▶ Assignment: Among the entries below, extract exactly the lines that run from the one with "בילוי חופשת פסח בקייקי כפר בלום, 29 במרץ 2021 בילוי" through the one with "Produsen Kawat Harmonika Bengkulu Utara", both ends included.
----------
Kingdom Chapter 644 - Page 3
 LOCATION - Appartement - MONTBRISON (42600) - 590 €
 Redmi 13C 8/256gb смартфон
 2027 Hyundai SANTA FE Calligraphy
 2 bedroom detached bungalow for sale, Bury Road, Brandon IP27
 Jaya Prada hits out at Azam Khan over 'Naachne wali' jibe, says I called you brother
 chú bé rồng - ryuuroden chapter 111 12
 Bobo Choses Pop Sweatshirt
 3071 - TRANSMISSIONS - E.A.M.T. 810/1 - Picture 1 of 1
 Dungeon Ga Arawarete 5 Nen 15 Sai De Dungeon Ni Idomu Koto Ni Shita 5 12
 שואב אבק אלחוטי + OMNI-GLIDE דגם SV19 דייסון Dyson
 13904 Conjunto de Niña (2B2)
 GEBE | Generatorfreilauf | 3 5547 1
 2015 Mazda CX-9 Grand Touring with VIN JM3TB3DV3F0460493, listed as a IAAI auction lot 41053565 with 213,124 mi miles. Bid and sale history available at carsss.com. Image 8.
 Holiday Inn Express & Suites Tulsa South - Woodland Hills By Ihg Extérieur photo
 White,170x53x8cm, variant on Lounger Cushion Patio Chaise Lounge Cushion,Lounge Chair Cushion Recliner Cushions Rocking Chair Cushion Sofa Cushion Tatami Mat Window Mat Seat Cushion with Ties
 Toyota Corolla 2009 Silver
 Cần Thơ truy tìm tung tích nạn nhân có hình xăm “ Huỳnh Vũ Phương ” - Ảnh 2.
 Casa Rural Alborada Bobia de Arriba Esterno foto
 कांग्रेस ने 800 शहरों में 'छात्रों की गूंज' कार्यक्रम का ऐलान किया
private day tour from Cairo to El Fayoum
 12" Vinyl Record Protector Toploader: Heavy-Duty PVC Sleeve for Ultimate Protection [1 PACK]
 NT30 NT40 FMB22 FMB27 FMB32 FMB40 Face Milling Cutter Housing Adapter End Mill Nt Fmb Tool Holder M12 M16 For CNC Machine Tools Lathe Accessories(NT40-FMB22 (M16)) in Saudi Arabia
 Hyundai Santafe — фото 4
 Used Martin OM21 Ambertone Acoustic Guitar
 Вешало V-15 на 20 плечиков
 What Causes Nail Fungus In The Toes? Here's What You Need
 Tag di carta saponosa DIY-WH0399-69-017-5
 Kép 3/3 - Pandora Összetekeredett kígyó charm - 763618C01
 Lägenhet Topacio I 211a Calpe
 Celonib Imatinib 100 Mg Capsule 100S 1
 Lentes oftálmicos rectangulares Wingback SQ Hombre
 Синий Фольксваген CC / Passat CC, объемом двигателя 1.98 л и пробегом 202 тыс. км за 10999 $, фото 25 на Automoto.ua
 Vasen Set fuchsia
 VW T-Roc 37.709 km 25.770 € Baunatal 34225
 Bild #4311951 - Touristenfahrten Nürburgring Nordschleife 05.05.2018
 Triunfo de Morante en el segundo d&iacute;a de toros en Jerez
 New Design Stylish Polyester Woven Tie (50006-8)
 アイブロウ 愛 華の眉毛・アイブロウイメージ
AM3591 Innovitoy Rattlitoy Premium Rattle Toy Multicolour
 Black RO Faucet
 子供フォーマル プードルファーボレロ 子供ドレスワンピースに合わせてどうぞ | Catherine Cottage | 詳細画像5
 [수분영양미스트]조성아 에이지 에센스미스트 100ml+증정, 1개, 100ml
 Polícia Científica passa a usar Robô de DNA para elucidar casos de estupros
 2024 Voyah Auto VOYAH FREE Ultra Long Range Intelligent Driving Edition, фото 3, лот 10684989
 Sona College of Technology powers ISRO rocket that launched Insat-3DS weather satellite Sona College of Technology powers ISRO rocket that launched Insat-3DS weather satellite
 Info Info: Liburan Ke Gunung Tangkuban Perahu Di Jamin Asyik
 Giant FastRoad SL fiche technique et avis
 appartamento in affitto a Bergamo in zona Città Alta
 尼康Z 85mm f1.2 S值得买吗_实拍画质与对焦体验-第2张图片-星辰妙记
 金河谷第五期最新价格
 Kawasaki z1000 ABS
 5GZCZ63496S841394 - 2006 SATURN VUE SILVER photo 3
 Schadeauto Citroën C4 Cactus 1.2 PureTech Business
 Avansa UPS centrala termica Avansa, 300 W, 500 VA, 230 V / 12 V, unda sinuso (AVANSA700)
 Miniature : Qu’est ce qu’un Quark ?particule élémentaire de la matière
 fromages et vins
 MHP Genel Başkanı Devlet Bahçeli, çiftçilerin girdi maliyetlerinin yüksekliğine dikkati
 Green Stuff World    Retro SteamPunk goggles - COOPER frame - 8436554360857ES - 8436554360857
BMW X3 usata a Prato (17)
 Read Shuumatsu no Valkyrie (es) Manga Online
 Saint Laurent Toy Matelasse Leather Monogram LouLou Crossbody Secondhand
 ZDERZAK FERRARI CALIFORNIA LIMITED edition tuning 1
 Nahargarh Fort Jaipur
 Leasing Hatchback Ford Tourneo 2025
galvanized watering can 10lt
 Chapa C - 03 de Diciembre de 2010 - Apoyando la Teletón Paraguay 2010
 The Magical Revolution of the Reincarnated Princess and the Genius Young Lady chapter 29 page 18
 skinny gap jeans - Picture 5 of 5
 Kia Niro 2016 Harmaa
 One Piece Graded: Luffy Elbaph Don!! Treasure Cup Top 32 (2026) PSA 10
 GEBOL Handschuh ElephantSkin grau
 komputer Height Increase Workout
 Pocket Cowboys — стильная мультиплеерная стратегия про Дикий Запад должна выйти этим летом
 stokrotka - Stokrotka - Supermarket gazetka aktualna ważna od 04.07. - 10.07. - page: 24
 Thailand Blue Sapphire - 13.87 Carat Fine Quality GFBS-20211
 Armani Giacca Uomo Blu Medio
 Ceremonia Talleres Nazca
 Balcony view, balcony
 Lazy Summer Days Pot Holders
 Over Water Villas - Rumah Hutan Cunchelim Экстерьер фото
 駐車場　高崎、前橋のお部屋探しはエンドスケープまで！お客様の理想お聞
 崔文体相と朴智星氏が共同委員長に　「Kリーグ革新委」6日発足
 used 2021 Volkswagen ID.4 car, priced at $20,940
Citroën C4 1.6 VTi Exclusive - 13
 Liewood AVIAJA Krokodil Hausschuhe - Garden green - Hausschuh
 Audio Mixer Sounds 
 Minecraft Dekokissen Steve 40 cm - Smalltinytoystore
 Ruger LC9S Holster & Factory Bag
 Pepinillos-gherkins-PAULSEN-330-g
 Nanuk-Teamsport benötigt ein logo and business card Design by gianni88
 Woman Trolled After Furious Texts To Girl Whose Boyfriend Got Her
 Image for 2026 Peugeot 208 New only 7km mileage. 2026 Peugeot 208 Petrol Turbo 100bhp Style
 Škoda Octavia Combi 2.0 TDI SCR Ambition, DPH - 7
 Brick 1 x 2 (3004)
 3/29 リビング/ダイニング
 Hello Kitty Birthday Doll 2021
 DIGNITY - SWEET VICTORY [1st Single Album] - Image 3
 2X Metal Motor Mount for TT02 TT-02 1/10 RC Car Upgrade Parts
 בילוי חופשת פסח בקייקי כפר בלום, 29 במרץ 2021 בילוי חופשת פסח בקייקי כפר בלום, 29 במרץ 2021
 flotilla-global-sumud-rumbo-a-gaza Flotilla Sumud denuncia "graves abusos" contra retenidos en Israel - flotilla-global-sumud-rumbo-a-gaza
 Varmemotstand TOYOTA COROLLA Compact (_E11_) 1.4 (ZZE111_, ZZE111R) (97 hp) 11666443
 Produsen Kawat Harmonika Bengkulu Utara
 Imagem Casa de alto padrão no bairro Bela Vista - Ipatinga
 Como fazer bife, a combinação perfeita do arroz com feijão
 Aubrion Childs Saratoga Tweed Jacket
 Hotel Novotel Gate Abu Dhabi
----------
▶ Written answer:
 בילוי חופשת פסח בקייקי כפר בלום, 29 במרץ 2021 בילוי חופשת פסח בקייקי כפר בלום, 29 במרץ 2021
 flotilla-global-sumud-rumbo-a-gaza Flotilla Sumud denuncia "graves abusos" contra retenidos en Israel - flotilla-global-sumud-rumbo-a-gaza
 Varmemotstand TOYOTA COROLLA Compact (_E11_) 1.4 (ZZE111_, ZZE111R) (97 hp) 11666443
 Produsen Kawat Harmonika Bengkulu Utara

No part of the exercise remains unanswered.